As alegações e crescente conjunto de evidências apresentadas no livro têm sido uma questão de registro público desde 2006 e pouco tem sido feito. “Eu não entendo por que, há mais de 6 anos agora, tem havido esse silêncio e ausência de curiosidade”, diz Trey, referindo-se aos principais governos e instituições ocidentais que falharam em seriamente investigar a história.
“Talvez eles pensem que se observarem mais o assunto, descobririam que nossas suspeitas estão corretas, então, isso criaria a necessidade de reagir. E isso está reagindo em relação à China”, disse Trey.
“Mas estamos falando da colheita de órgãos de pessoas vivas, pessoas mortas por seus órgãos. No século 21, isso não é aceitável. […] Talvez haja medo envolvido em olhar para a realidade dos fatos”, disse Trey.

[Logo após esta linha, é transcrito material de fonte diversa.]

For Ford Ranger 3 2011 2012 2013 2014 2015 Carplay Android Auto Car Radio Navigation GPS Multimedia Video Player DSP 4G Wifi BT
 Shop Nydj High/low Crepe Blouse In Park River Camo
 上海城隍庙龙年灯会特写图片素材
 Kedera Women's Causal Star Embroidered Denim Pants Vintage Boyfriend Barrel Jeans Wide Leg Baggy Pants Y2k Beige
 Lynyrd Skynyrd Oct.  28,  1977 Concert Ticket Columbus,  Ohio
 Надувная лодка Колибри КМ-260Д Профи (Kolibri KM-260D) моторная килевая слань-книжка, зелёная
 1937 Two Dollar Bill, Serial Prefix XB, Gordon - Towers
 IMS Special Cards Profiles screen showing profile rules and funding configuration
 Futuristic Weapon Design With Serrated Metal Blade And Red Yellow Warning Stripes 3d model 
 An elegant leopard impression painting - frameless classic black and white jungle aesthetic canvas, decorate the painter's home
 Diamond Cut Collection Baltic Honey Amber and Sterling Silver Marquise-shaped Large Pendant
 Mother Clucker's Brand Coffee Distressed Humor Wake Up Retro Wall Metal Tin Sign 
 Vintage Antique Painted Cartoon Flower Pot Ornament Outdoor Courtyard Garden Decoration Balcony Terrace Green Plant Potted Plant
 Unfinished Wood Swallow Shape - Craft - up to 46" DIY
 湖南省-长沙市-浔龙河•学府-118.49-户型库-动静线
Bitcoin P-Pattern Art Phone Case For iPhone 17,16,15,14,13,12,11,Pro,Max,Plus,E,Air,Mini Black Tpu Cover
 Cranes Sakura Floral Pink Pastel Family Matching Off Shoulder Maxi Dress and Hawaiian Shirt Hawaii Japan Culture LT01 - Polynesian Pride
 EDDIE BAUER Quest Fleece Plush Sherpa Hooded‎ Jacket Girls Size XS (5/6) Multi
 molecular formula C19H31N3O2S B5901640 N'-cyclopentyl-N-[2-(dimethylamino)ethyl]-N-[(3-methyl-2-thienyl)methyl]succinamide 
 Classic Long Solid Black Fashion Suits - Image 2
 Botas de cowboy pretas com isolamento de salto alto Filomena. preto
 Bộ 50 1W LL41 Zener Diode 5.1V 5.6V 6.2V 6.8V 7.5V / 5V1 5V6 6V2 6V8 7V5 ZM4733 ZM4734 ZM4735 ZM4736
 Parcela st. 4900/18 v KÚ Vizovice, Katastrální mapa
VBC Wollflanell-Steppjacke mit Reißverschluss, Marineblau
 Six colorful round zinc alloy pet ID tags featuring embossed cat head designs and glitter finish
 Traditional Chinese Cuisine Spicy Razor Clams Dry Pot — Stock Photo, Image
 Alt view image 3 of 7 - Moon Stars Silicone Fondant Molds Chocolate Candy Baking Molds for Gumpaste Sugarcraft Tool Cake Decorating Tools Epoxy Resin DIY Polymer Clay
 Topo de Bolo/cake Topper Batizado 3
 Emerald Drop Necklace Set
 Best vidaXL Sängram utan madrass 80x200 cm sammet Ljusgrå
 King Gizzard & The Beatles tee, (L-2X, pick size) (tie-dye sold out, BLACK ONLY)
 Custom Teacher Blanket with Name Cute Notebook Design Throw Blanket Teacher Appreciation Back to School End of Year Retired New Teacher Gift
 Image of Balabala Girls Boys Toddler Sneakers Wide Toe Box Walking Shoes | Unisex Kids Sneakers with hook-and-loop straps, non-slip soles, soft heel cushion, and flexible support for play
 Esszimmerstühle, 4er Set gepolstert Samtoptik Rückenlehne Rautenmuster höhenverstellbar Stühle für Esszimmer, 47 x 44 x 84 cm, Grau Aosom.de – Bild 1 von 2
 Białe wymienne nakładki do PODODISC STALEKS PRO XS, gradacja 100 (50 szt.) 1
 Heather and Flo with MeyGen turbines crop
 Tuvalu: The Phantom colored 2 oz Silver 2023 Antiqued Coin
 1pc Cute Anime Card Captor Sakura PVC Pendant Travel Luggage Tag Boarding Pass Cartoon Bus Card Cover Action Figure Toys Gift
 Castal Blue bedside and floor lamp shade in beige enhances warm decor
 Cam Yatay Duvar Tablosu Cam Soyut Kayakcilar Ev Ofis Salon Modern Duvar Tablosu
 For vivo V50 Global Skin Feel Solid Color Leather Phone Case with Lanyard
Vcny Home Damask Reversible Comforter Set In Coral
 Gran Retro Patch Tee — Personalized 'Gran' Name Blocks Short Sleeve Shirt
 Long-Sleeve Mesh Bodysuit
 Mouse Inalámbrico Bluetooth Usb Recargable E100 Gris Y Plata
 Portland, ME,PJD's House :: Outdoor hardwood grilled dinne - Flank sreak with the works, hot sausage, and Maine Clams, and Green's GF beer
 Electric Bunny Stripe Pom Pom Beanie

Uma das características mais marcantes do livro é seu título e arte da capa. Dois pares de pés, vestindo sapatos azuis hospitalares, pertenceriam a médicos observando um paciente numa cama de hospital. Uma cortina é desenhada. A parte superior da imagem não é visível, ao invés disso estão as palavras, exatamente onde o paciente estaria deitado: ‘Órgãos do Estado: O abuso do transplante na China’.
Trey afirma que o simbolismo foi deliberado. “Queremos nos referir ao fato de que, no caso da colheita de órgãos de prisioneiros da consciência na China, as instituições do Estado estão envolvidas. O Partido Comunista está reivindicando os órgãos de seus cidadãos como sua própria propriedade. Isto é algo inacreditável, que a integridade individual da pessoa seja violada a esse ponto, que a pessoa não tenha o direito a seus próprios órgãos.”